Monday, 22 July 2002 09:50

6 myths of business coaching

As a business coach, I find many leaders have preconceived notions about the latest management concept sweeping businesses across the country — coaching. Whether you want to be a coach to your people or hire an outside coach, the following realities should help in the decision process.

Myth No. 1: Find a coach that has a similar personality to yours.

Reality: Coaching is about growth and commitment. Having someone of the same personality may limit your growth and development. Having a coach of a different personality style may offer a fresh perspective and force you to go outside your comfort zone to reach new potential.

Myth No. 2: You have the questions and your coach has the answers.

Reality: Not always true. Many of the answers are inside you and a good coach will help you discover them. A coach needs to be a good listener first. He or she needs to correctly identify areas of improvement and not always give advice or criticism.

Myth No. 3: Professional coaching focuses strictly on your professional life.

Reality: You can not totally separate your personal life from your work. A coach has to be ready to listen to any and all challenges. Coaching is about personal growth and development that can help people grow professionally.

Myth No. 4: Coaching is only for poor performing or trouble employees.

Reality: The best coaching clients are the ones who have potential and are not reaching it or employees who have reached a stumbling block or plateau. It is much better to introduce coaching too early rather than too late.

Myth No. 5: Men can’t coach women because women face work challenges only other women can understand.

Reality: Coaching is gender neutral. Sometimes coaches of the opposite sex can help people see issues from the other’s perspective.

Myth No. 6: You can’t change a person’s personality. Therefore, coaching is limited in how much it can help.

Reality: While you can’t necessarily change someone’s personality, coaching can give you a new awareness and new skills to help you change your behavior.

Patrick J. Donadio is a national business coach and professional speaker based in Columbus. He can be reached at 488-9164 or pdonadio@gcfn.org.

Monday, 22 July 2002 09:48

Managers are out

Last year, one of my clients, a Fortune 500 company, asked me to help turn 10 of its mangers into coaches.

Why? Because a manager tells people what to do and how to do it, while a coach asks questions and helps employees learn how to problem-solve their way to success. My client understood that in today’s work environment, managing by control is not practical and does not lead to the continuous improvement of superior performance.

The key to superior performance is coaching your people.

Managing is still appropriate for certain issues such as dealing with discipline, adhering to polices and procedures or instructing on simple or structured tasks. As a business coach, however, I see the impact coaching has on people’s performance.

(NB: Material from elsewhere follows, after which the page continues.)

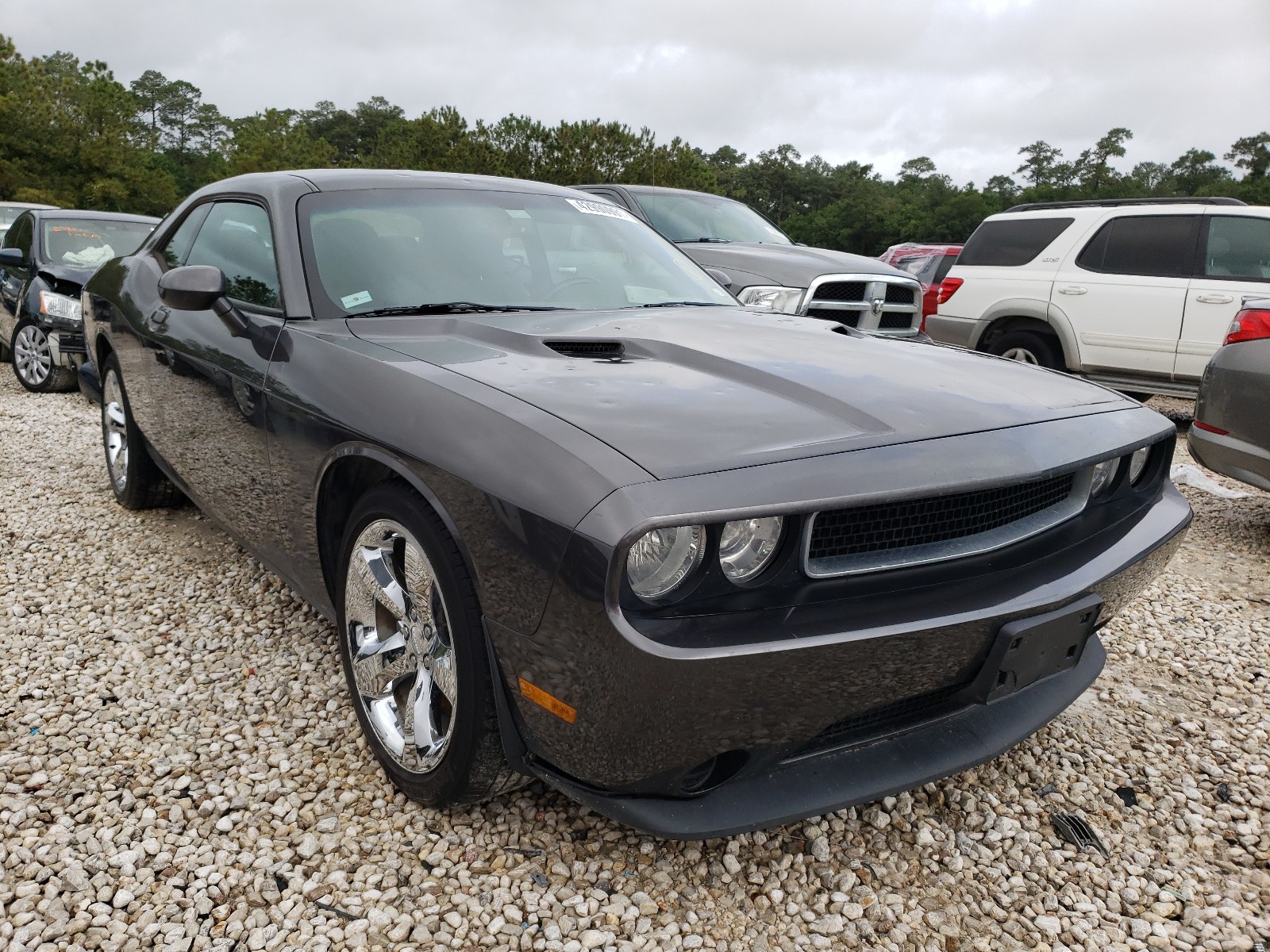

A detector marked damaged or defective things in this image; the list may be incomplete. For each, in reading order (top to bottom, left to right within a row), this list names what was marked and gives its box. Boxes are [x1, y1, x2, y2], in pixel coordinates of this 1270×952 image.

damaged front bumper of sedan [483, 406, 1188, 838]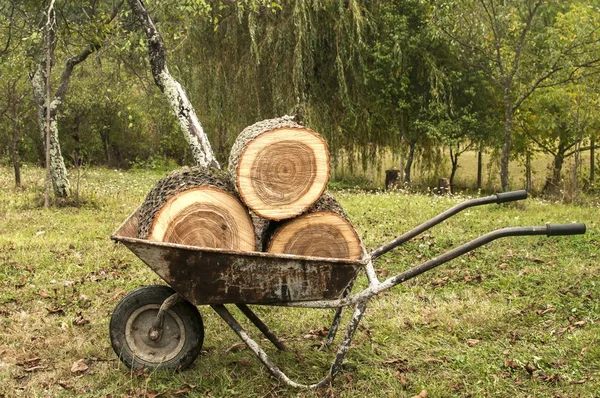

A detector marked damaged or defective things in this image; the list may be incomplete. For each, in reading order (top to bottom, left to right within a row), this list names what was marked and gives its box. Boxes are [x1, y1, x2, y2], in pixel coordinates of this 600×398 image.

rusty metal wheelbarrow tray [110, 208, 368, 304]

The transition from manager to coach is a mindset shift. Take, for instance, one of my client’s sales managers-turning-coach, Judy. She was having a difficult time dealing with John, an internal sales person, who was very aggressive and defensive.

In her coaching sessions with him, John would end up taking charge. A few weeks ago, in one of Judy’s coaching sessions with me, I explored this situation by asking her some questions. Questions, after all, are a coach’s best friend.

“What does John remind you of?” I asked.

“A grizzly bear,” Judy responded.

“What would you do if you were trying to deal with a grizzly bear?” I questioned.

“Give him food and run in the other direction,” she said.

After a few more minutes of questioning, Judy uncovered her plan. Whenever John would start to take control of the session — whenever the bear attacked — she would respond by acknowledging or thanking him for his input — throwing him food — and asking questions.

These tools helped her redirect the conversation back to the meeting agenda — run in the other direction — and the specific outcomes they wanted to achieve.

I spoke with Judy this week. Guess what? She just had her best session ever with John. By thinking of the grizzly bear metaphor, she was able to keep John on track and get the meeting done in record time.

Now what if I had managed Judy instead and told her what to do? Would she have had such a quick result? I doubt it. Judy told me she needed the metaphor she uncovered through our coaching session.

Not only did it help her stay focused, it actually made her session with John more fun. Compare that to her prior meetings where she was feeling anxious and uncomfortable with John’s controlling nature.

That’s the beauty of coaching. It can make a good employee better or help someone develop skills to increase performance — all on his or her own.